Predictors of Outcome in Cognitive and Behavioural Interventions for Irritable Bowel Syndrome. A Meta-Analysis
Background & Aims: Cognitive behavioural therapy (CBT) has small to medium effects in alleviating emotional distress and psychosomatic symptoms in irritable bowel syndrome (IBS). However, the mechanism through which CBT exerts its effects is less studied. Mediation analysis examines the extent to which intermediate variables explain the effect of the intervention on outcomes. The meta-analysis aims to identify and assess the impact of CBT mediators identified in previous research on IBS.
Methods: An extensive search of studies investigating the effects of CBT for IBS published before January 2018 was conducted. A total of 699 studies were identified through database search and 6 studies including data from 638 patients were analysed. The selected studies had to clearly define the CBT intervention, include IBS patients, report sufficient data to allow calculation of effect sizes and provide a clear mediation analysis of one or several variables on the outcome.

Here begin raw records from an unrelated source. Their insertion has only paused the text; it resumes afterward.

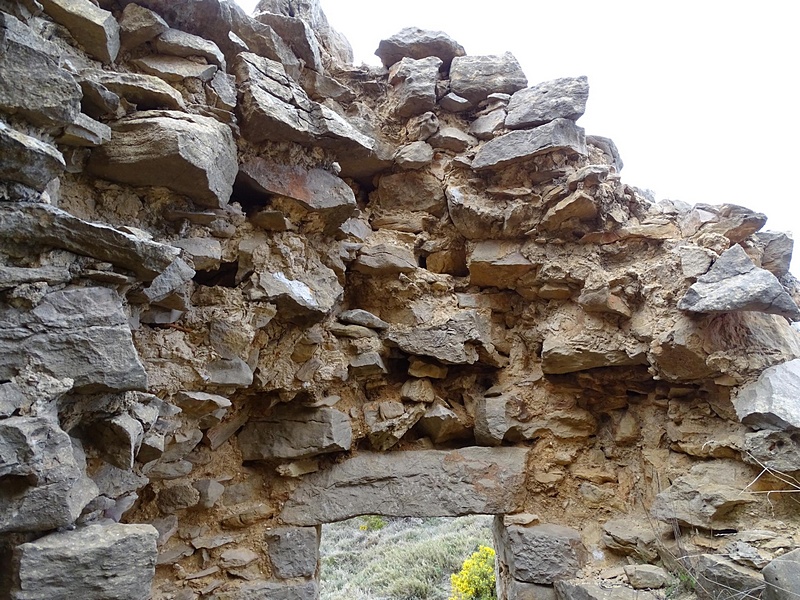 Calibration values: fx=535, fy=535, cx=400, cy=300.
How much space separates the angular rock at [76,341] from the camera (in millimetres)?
1937

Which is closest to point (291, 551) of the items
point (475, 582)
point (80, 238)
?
point (80, 238)

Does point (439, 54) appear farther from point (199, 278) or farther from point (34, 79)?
point (34, 79)

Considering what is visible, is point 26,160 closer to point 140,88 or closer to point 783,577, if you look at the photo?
point 140,88

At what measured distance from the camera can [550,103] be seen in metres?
4.12

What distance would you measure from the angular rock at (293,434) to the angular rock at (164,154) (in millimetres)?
1767

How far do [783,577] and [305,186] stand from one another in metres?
3.46

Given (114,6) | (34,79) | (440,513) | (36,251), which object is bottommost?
(440,513)

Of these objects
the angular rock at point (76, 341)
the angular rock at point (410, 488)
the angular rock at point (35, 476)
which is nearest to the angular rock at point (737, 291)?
the angular rock at point (410, 488)

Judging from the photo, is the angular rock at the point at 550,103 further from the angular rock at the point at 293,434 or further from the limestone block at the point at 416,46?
the angular rock at the point at 293,434

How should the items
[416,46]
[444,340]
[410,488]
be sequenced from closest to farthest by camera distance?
[410,488], [444,340], [416,46]

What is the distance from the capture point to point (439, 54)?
4629mm

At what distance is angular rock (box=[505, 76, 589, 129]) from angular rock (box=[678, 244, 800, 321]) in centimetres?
154

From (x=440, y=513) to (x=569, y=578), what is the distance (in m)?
0.99

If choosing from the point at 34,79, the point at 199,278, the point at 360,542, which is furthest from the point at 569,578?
→ the point at 360,542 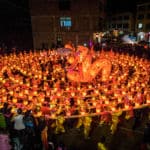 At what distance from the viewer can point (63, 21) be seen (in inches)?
1133

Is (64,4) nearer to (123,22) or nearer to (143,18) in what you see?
(143,18)

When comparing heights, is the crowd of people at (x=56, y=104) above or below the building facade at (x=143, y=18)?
below

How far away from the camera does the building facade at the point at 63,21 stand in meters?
28.4

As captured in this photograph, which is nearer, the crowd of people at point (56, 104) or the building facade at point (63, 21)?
the crowd of people at point (56, 104)

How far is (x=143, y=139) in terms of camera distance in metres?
6.86

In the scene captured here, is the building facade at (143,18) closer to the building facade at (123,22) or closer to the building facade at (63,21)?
the building facade at (123,22)

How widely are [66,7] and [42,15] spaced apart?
2.84 meters

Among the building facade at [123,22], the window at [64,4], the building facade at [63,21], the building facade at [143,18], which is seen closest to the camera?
the building facade at [63,21]

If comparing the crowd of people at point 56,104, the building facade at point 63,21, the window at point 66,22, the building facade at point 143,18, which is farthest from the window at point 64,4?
the building facade at point 143,18

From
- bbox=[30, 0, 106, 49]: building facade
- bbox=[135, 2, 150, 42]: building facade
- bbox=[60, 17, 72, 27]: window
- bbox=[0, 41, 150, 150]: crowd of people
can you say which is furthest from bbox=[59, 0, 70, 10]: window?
bbox=[135, 2, 150, 42]: building facade

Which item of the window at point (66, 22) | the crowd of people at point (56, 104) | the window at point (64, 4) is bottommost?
the crowd of people at point (56, 104)

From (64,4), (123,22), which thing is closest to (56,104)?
(64,4)

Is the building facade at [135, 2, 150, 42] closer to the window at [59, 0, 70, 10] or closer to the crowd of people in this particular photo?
the window at [59, 0, 70, 10]

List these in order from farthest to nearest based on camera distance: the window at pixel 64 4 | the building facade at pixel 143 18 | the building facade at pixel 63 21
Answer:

Results: The total effect of CBT was significant for both categories of outcomes (i.e. IBS symptom severity and psychosocial distress), with a low-to-moderate effect on psychosocial distress (r=0.222) and a medium-to-large effect on IBS symptom severity (r=0.413). In fact, the total effect of CBT on IBS symptom severity is significantly higher than the total effect on psychosocial distress Q(1)= 5.06, p= 0.024. Both behaviours and emotions (r=0.158) as well as cognitions (r=0.141) generated significant mediated effects on psychosocial distress, with no significant differences between them (Q(1)= 0.05, p=0.825). Behaviours and emotions mediated 71.1% of the total effect of CBT on psychosocial distress and cognitions mediated 63.5% of the total effect.
Conclusion: Although significant for both outcomes, the statistical analysis revealed CBT interventions have a greater effect on alleviating IBS symptoms severity rather than on reducing psychological distress. Of the mediators investigated, behaviours, emotions and cognitions seem to have a small to moderating effect in reducing IBS symptom and psychological distress.